Arrêté lors des journées d’émeutes qui ont secoué le G20 de Hambourg les 7 et 8 juillet 2017, Fabio est accusé de jet de projectile et de rébellion. Il est incarcéré depuis 4 mois à la prison de Billwerder et comparaissait le 7 novembre dernier devant le tribunal pour mineur d’Altona à Hambourg. Nous reproduisons ici la déclaration qu’il a faite ce jour-là devant ses juges et qui contient plus de vérité, de sincérité et de justesse que tous les solipsismes inconséquents de procureurs.

Les prochaines audiences de son procès auront lieu les 27 novembre et 7 décembre prochain.

Madame la juge, messieurs les jurés, madame le procureur, monsieur l’assistant du tribunal pour mineurs.

Vous, aujourd’hui, vous êtes appelés à juger un homme. Vous l’avez appelé un « criminel agressif » et « irrespectueux de la dignité humaine ». Personnellement je ne prête aucune attention aux appellations que vous m’attribuez. Moi, je suis seulement un garçon de bonne volonté.

Avant tout je voudrais dire que probablement ces messieurs les politiciens, ces messieurs les commissaires de police et ces messieurs les magistrats pensent qu’en incarcérant et arrêtant quelques jeunes cela puisse arrêter la contestation dans les rues. Probablement ces messieurs pensent que les prisons suffisent à éteindre les voix rebelles qui s’élèvent de partout. Probablement ces messieurs pensent que la répression arrêtera notre soif de liberté, notre volonté de construire un monde meilleur.

Et bien ces messieurs se trompent. Et c’est l’Histoire qui leur donne tort.

Parce qu’un nombre incalculable de garçons et de filles sont passés, comme moi, devant un tribunal comme celui-ci.

En effet aujourd’hui c’est à Hambourg, hier à Gênes et encore avant à Seattle.

Vous, vous essayez d’empêcher la propagation des voix de la révolte qui s’élèvent partout par n’importe quel moyen « légal », par n’importe quel moyen « procédurier ».

Quoiqu’il arrive, peu importe la décision qui sera prise par ce tribunal, elle n’aura aucune influence sur notre protestation. Il y aura encore tout autant de garçons et de filles qui, portés par les mêmes idéaux descendront dans les rues d’Europe. Se préoccupant guère de ces prisons que dans un essoufflement, vous vous efforcez de remplir de prisonniers politiques.

Mais venons-en donc à l’essentiel, madame la juge, messieurs les jurés, madame le procureur, monsieur l’assistant du tribunal pour mineur.

Venons-en donc à l’essentiel.

Comme vous pouvez l’imaginer, je veux user de mon droit de ne pas faire de déclarations en rapport avec le fait spécifique pour lequel vous me poursuivez. Toutefois je voudrais porter l’attention sur les motivations qui poussent un jeune ouvrier d’une petite ville reculée des Pré-alpes orientales à venir à Hambourg.

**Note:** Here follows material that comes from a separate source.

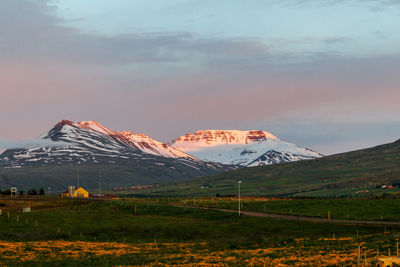 Scenic view of mountains against sky during winter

Pour manifester son propre désaccord avec le sommet du G20.

G20. Rien que le nom a déjà en soi, quelque chose de pervers.

Vingt hommes et femmes représentants des vingt pays les plus riches et les plus industrialisés du globe, s’asseyent autour d’une table. Ils s’asseyent tous ensemble pour décider de notre futur. Oui, j’ai bien dit ceci : le notre. Le mien, ainsi que celui de toutes les personnes assises aujourd’hui dans cette salle, tout comme celui des sept milliards de personnes qui habitent cette belle planète Terre.

Vingt hommes décident de notre vie et de notre mort.

Évidemment, la population n’est pas invitée à ce joli banquet. Nous, nous ne sommes que le stupide troupeau des puissants de la Terre. Spectateurs totalement soumis de ce théâtre où une poignée de personnes tiennent entre leurs mains l’humanité toute entière.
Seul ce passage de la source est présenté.